There are several heuristics that one can choose to do the actual partitioning and construction of the BVH. The approach that is taken here is to split a parent bounding box into two children by the midpoint along the box's longest side. This would help partition space more evenly so that the ray can skip the traversal of more objects on average.

The time to ray trace a 3D scene with 1 ray (sample) per pixel is measured in the table below, using both the naive approach (testing every object against the ray) and the BVH accelerated approach. As we can see, the BVH helps render scenes of even hundreds of thousands of triangles within a fraction of a second. Without the BVH, the same scenes can take several minutes for the same result. The last measurement in the table below is already a 10,000x speedup! This difference would be felt even more as we increase the size, quality, and complexity of the scene (i.e. resolution, samples per pixel, and number of triangles).

Time to render various 3D scenes with and without BVH acceleration.
Scene	Number of Triangles	Naive Approach (seconds)	BVH Accelerated (seconds)
Teapot	2,464	9.5083	0.0417
Cow	5,856	20.0684	0.0480
Bunny	33,696	99.6719	0.0415
Bench	67,808	130.8857	0.0198
Dragon	105,120	328.4802	0.0478
Wall-E	240,326	(over 10 minutes)	0.0705

Here are a few of the moderately complex scenes that can now be ray traced with BVH acceleration, using simple surface normal (debug) coloring and 1 ray sample per pixel. Without using an acceleration structure, we would not be able to ray trace some 3D scenes with decent quality in a reasonable amount of time.
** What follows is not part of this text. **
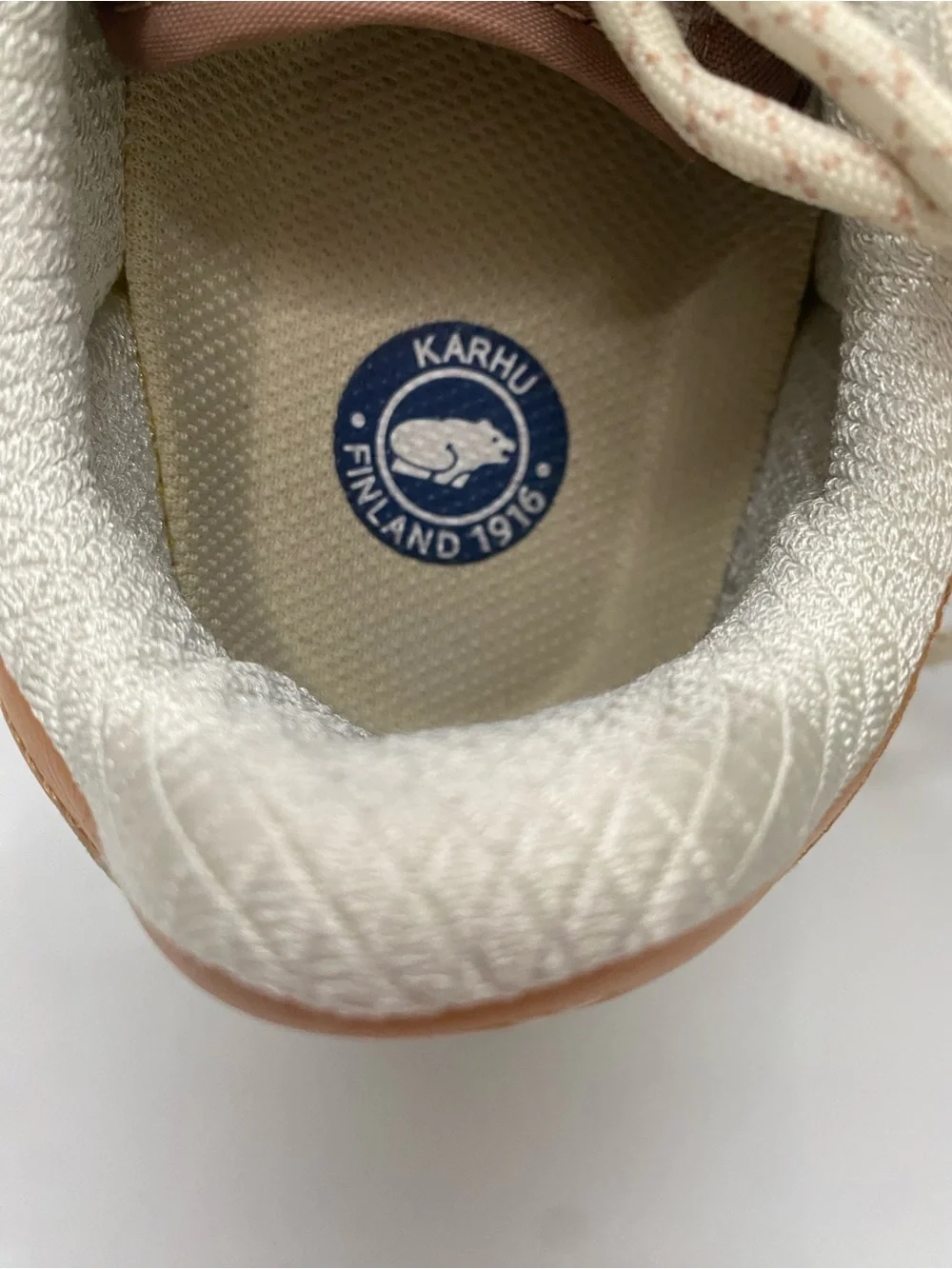 Anthropolgie Karhu Albatross Control Sneakers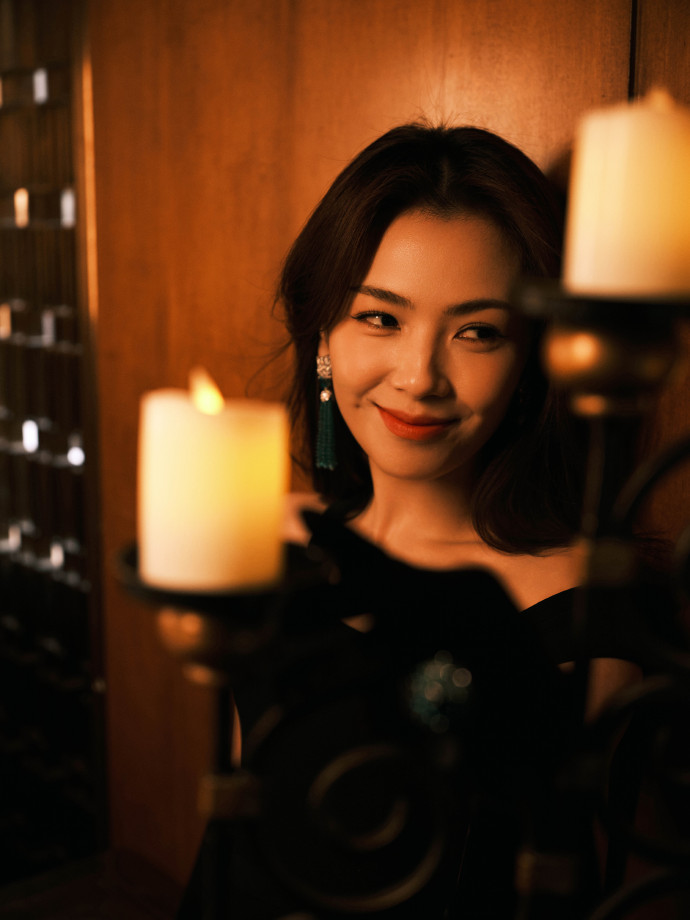 组图:ELLE风尚大典群星展现东方韵味 刘诗诗粉裙温婉唐嫣美腿吸睛_28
Part 3: Direct and Global Illumination

To complete the rendering, we must calculate the light reflecting off the surface in the direction of the viewing ray. This will depend on the properties of the material and position/orientation relative to light sources. We can also make a distinction between direct light sources and indirect lighting, which incorporates light bouncing from other surfaces instead of just the light source. We can perform all of these calculations to make a physically-based renderer by implementing a method called path tracing.

Here are some renderings of 3D scenes path traced for global illumination! This is the Stanford Bunny in the Cornell Box.

Directly lighted bunny. — Direct lighting.
(Only light sources and one bounce of light.)

Indirectly lighted bunny. — Indirect lighting.
(Only two or more bounces of light.)

Globally illuminated bunny. — Global illumination.
(Direct and indirect lighting.)

Here is another example.

Directly lighted spheres. — Direct lighting.

Indirectly lighted spheres. — Indirect lighting.

Globally illuminated spheres. — Global illumination.